3.4. Transcriptional Changes of P450, Glutathione S-Transferase (GST), and Insect Hormones

Because “Drug metabolism” and “Insect hormone biosynthesis” were significantly enriched, chlorfenapyr affects drug metabolism and hormone regulation processes in larval silkworm reproductive tissues. Cytochrome P450 and glutathione S-transferase (GST) play important roles in the detoxification process. In ovary tissues, we found that Cyp12b2 and Cyp4aa1 were up-regulated in the OT-72h treatment compared with the OC-72h treatment (Figure 4A). Additionally, CYP6B5, Cyp9f2, CYP6B6, CYP12A2, and Cyp6d5 were more highly expressed in the OT-96h treatment than in the OC-96h treatment (Figure 4A). In testis tissues, Cyp4aa1 and Cyp4v2 were up-regulated in the TT-72h treatment, while Cyp4d2, CYP6B6, Cyp6d5, CYP12A2, CYP6B2, and CYP6B4 were more highly expressed in the TT-96h treatment compared with the TC-96h treatment (Figure 4A). For GST, GSTT1 was significantly up-regulated in the OT-96h treatment, and both GSTT1 and GST1 were up-regulated in the TT-96h treatment (Figure 4B). Changes in the “Insect hormone biosynthesis” pathway may reflect adaptive adjustments of insects to different physiological states or environmental conditions. Notably, JHAMT was significantly up-regulated in the OT-96h treatment, while JHEH and JHAMT were up-regulated in the TT-96h treatment (Figure 4C).

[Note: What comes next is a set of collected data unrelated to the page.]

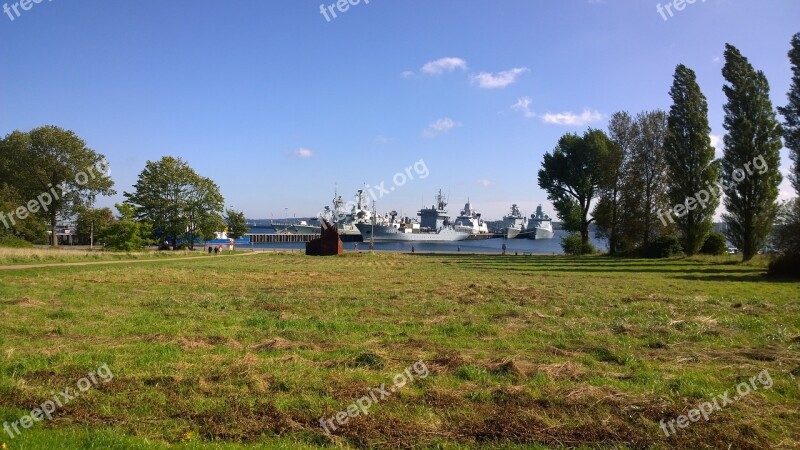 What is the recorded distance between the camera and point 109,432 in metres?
5.04

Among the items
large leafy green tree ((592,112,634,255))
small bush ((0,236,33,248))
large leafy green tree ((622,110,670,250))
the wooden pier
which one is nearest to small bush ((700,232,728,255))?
large leafy green tree ((622,110,670,250))

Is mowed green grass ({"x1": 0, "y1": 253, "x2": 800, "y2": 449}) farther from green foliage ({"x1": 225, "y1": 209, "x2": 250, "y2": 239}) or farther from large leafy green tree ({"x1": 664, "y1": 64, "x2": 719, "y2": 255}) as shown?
green foliage ({"x1": 225, "y1": 209, "x2": 250, "y2": 239})

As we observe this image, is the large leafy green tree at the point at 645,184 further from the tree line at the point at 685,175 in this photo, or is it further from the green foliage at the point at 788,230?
the green foliage at the point at 788,230

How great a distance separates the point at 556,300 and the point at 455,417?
11.0 meters

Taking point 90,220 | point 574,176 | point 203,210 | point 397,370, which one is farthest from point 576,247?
point 90,220

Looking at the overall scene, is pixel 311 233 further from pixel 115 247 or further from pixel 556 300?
pixel 556 300

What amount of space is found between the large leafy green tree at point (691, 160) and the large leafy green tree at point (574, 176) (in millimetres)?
13349

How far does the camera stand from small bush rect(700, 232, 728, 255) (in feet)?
139

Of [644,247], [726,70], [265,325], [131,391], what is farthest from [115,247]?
[726,70]

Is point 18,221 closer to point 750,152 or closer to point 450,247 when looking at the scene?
point 750,152

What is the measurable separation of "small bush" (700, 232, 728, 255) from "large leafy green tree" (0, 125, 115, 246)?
6663 centimetres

3.5. Prediction of Transcription Factors and Their Expression Patterns

We identified 775 transcription factors, which were clustered into 39 families (Table S5). The top 15 of these were selected for visualization; the C2H2 family had the most representatives, followed by HB-other, and TRAF families (Figure 5A). In the OT-96h treatment, most C2H2 transcription factors were down-regulated compared with the OT-72h treatment, and a similar trend was observed in the TT-96h treatment in testis tissues (Figure 5B). For HB transcription factors, we found that ct, PRRX1, ZFHX3, Awh, INV, Tgif2, Barhl2, and ey were up-regulated in the TT-72h treatment compared with the TC-72h treatment (Figure 5C). Additionally, expression of ABD-A in the TT-96h treatment was up-regulated compared with the other three groups (Figure 5C). Most TRAF transcription factors were down-regulated in the OT-72h treatment compared with the OC-72h treatment. In the TT-96h treatment, CFDP2, BTBD7, lola, ABTB2, fru, and BTBD8 were down-regulated compared with other groups (Figure 5D).

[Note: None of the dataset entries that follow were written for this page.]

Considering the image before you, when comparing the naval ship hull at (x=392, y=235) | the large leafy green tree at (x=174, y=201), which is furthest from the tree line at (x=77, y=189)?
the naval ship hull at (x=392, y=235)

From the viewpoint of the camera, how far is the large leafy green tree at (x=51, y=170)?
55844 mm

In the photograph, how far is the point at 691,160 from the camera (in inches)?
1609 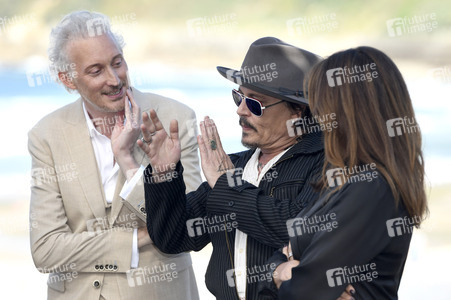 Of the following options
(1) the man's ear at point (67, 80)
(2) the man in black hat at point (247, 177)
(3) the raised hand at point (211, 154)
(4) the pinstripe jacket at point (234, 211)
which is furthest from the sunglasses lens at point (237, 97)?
(1) the man's ear at point (67, 80)

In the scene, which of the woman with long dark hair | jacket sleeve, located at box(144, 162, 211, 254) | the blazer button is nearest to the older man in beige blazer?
the blazer button

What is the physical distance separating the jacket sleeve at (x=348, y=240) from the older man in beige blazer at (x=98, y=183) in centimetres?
118

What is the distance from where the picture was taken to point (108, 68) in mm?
3545

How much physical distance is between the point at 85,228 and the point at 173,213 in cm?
53

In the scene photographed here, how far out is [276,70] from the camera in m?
3.26

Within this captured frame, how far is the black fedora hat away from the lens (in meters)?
3.18

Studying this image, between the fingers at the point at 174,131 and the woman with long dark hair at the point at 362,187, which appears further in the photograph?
the fingers at the point at 174,131

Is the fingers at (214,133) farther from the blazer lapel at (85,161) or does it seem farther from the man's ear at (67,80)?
Result: the man's ear at (67,80)

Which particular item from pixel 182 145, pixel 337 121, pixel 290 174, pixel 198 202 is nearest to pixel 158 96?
pixel 182 145

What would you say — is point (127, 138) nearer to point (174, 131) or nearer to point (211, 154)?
point (174, 131)

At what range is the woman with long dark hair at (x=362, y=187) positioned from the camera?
7.80 ft

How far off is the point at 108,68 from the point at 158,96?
12.6 inches

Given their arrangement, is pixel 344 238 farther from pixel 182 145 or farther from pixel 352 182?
pixel 182 145

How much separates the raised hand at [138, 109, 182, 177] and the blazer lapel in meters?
0.39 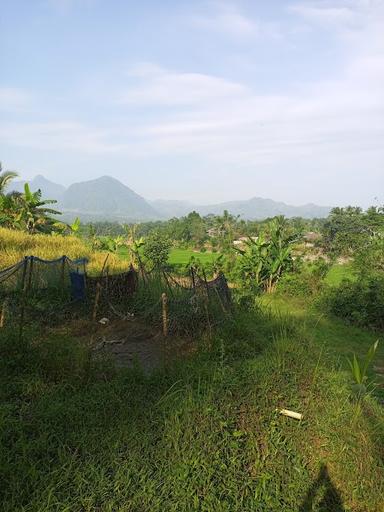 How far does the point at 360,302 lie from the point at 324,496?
27.2 ft

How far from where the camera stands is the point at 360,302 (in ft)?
36.4

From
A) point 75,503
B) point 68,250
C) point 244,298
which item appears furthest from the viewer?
point 68,250

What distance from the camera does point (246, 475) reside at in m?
3.61

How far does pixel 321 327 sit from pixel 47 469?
28.2ft

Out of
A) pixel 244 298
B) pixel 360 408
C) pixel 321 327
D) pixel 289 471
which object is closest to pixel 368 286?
pixel 321 327

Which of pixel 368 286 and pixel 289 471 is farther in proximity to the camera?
pixel 368 286

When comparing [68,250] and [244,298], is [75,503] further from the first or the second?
[68,250]

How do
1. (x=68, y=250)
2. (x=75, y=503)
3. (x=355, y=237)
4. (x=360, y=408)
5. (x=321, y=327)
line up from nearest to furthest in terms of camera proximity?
(x=75, y=503) < (x=360, y=408) < (x=321, y=327) < (x=68, y=250) < (x=355, y=237)

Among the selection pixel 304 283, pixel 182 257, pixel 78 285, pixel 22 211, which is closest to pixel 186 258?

3.6. Analysis of PPI Network

We used the PPI network to identify target genes in reproductive tissues under chlorfenapyr stress. The top 20 genes (e.g., H9JNG1_BOMMO, EcR, Pdk, Hsp83, Kr-h1, FoxO, JHAMT, FTZ-F1, and Siwi) were identified using a maximal clique centrality ranking method in ovary tissues (Figure 6A). These genes play important roles in apoptosis, carbohydrate metabolism (including starch and sucrose metabolism, fructose and mannose metabolism, and glycolysis/gluconeogenesis), insect hormone biosynthesis, and protein processing in the endoplasmic reticulum. In testis tissues, using this same method, the top 20 genes included RpS9, RpS18, RpS14, RpL27, RpS10, RpS17, RpS7, RpS4, RpS16, RpS27, RpS24, RpS29, RpS12, RpS13, RpS5, S15, RpS8, RpL13A, RpL37, and RpL31 (Figure 6B). Based on KEGG analysis, these hub genes were primarily enriched in the ribosome pathway.
Chlorfenapyr profoundly affects the silkworm reproductive system, particularly in protein synthesis and cellular metabolism. Enrichment of ribosomal protein genes indicates that chlorfenapyr may disrupt normal cellular function by inhibiting protein synthesis, potentially leading to abnormal gonad development. Furthermore, key genes identified in the ovary (e.g., EcR, Kr-h1) reveal the significant role of insect hormones in reproductive processes. Interference with these hormones may represent an important mechanism by which chlorfenapyr affects reproductive development.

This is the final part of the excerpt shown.